WORK REQUIRED >> Transcribe only the lines in the data below falling between the line with "2nd image of 20 Exchange Pl APT 1511" and the line with "Trung ương Một", including those two lines, and leave out any picture.

PROVIDED DATA >>
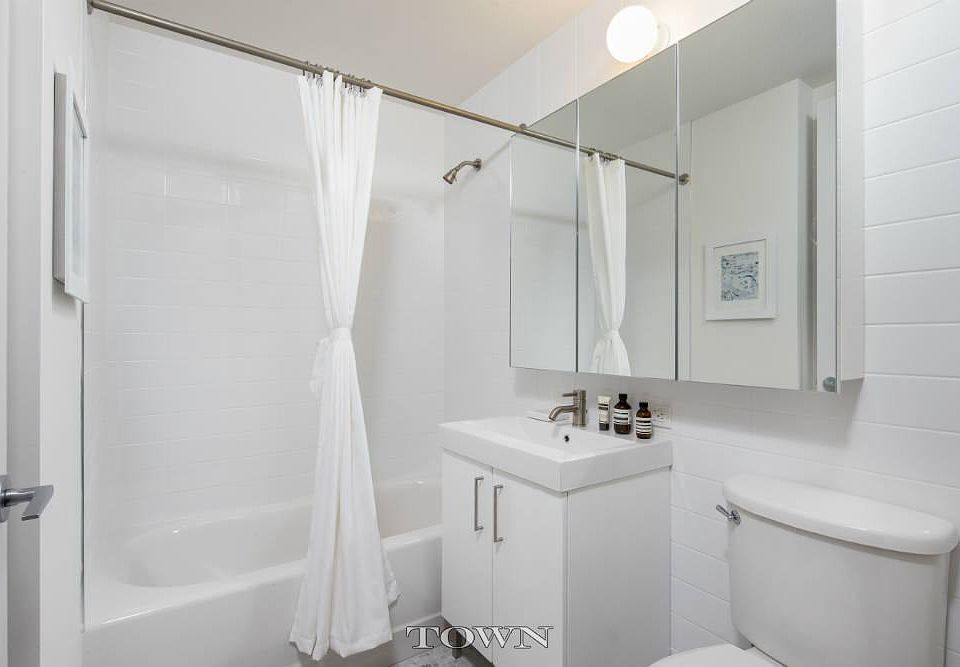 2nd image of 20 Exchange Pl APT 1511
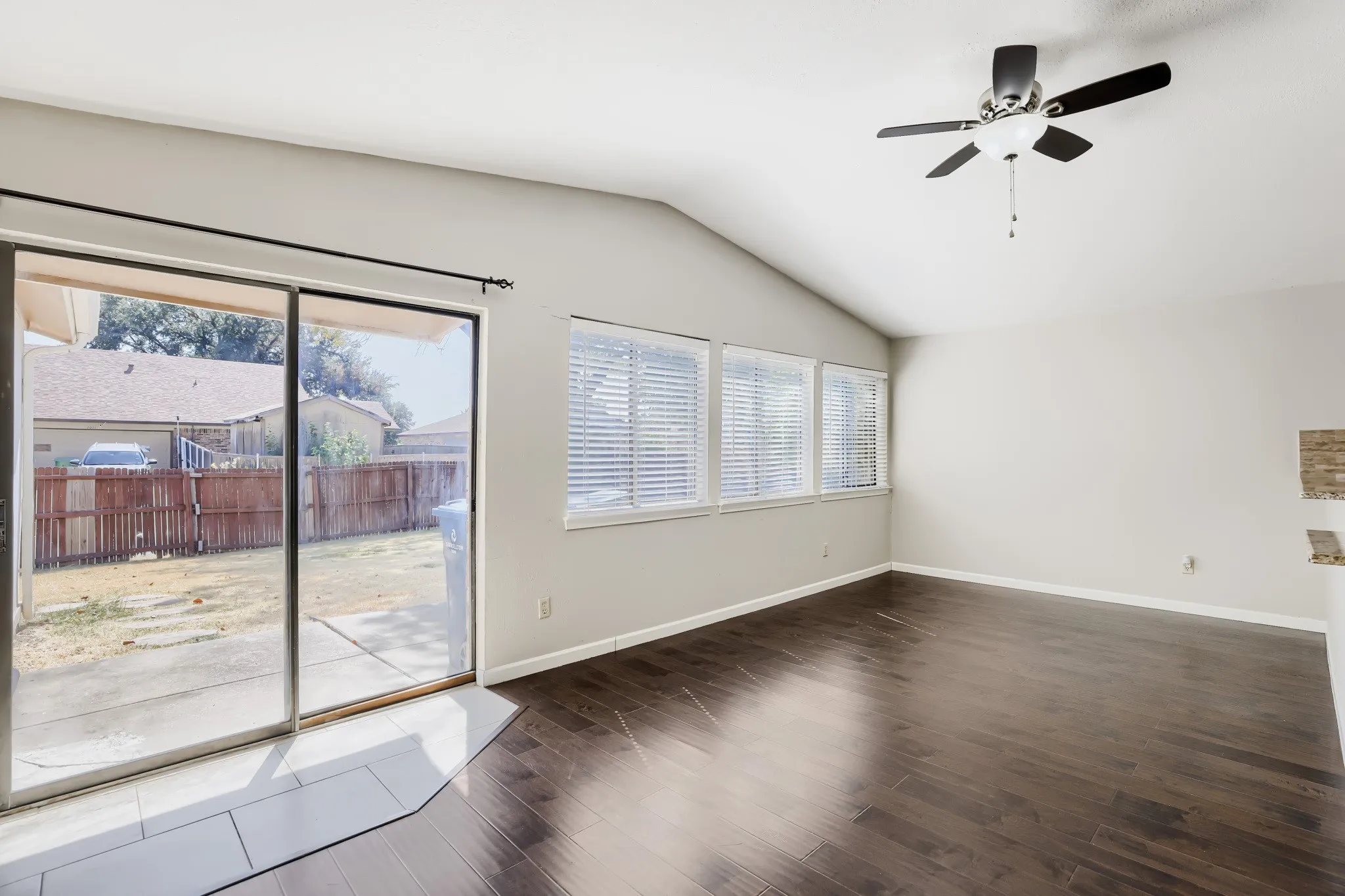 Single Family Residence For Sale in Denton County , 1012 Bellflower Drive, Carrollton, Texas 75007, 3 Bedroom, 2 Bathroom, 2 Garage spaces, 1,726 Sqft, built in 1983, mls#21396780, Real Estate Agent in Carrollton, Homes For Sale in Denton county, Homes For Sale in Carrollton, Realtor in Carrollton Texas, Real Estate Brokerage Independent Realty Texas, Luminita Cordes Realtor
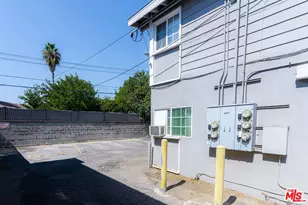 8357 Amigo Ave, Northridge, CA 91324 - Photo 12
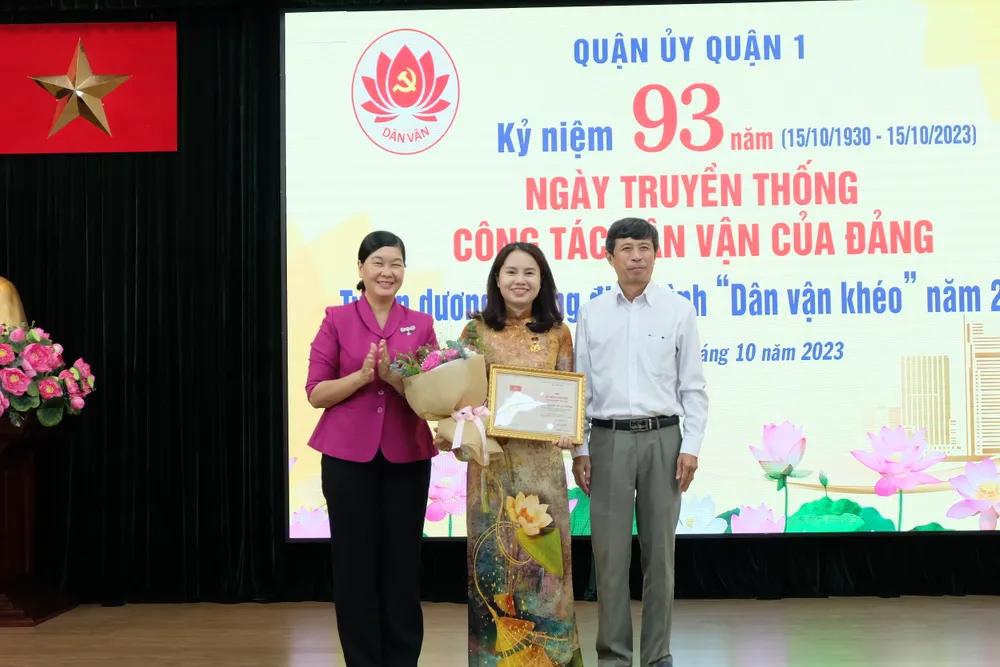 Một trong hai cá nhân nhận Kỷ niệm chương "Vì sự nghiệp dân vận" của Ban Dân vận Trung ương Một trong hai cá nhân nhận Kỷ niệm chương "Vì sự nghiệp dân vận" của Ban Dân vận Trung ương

---

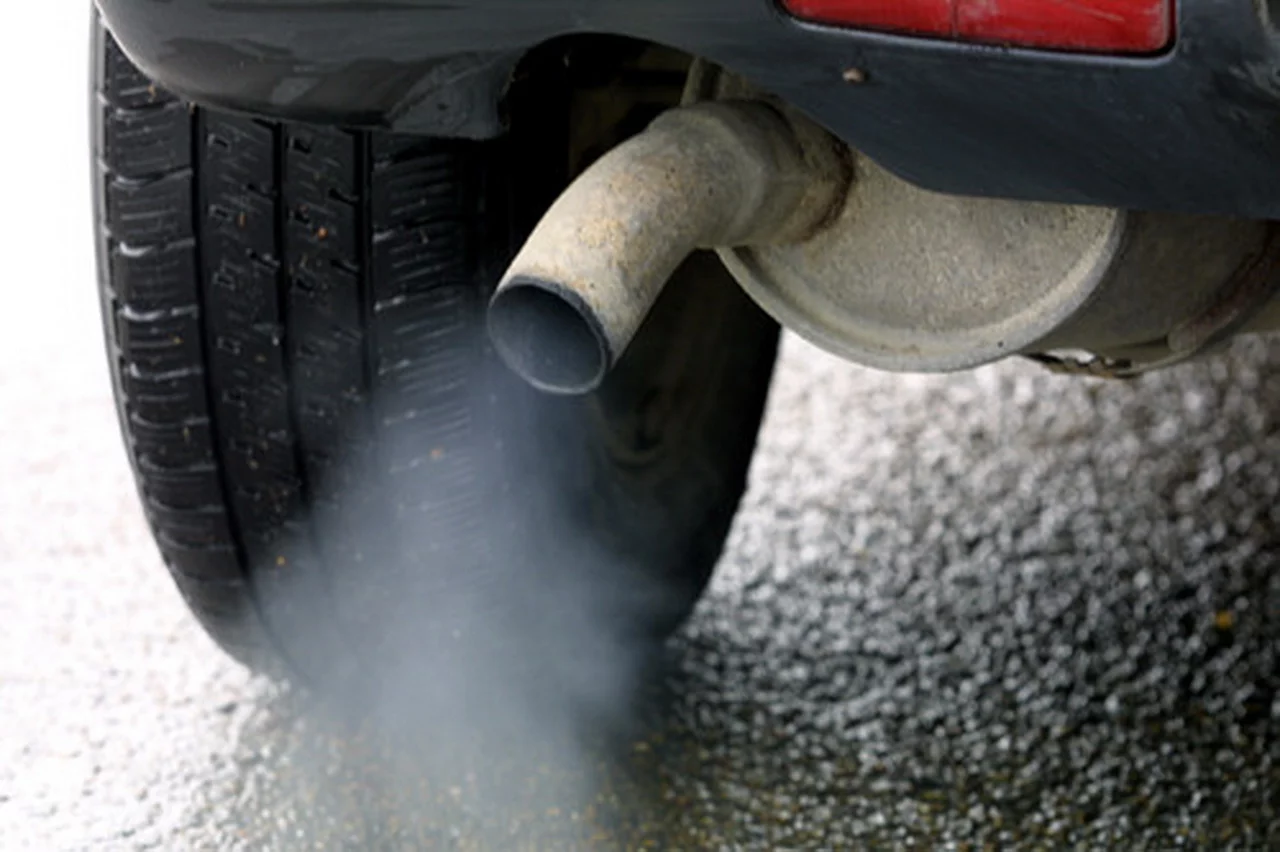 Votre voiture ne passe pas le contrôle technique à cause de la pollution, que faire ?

RESULT OF THIS TASK >>
 2nd image of 20 Exchange Pl APT 1511
 Single Family Residence For Sale in Denton County , 1012 Bellflower Drive, Carrollton, Texas 75007, 3 Bedroom, 2 Bathroom, 2 Garage spaces, 1,726 Sqft, built in 1983, mls#21396780, Real Estate Agent in Carrollton, Homes For Sale in Denton county, Homes For Sale in Carrollton, Realtor in Carrollton Texas, Real Estate Brokerage Independent Realty Texas, Luminita Cordes Realtor
 8357 Amigo Ave, Northridge, CA 91324 - Photo 12
 Một trong hai cá nhân nhận Kỷ niệm chương "Vì sự nghiệp dân vận" của Ban Dân vận Trung ương Một trong hai cá nhân nhận Kỷ niệm chương "Vì sự nghiệp dân vận" của Ban Dân vận Trung ương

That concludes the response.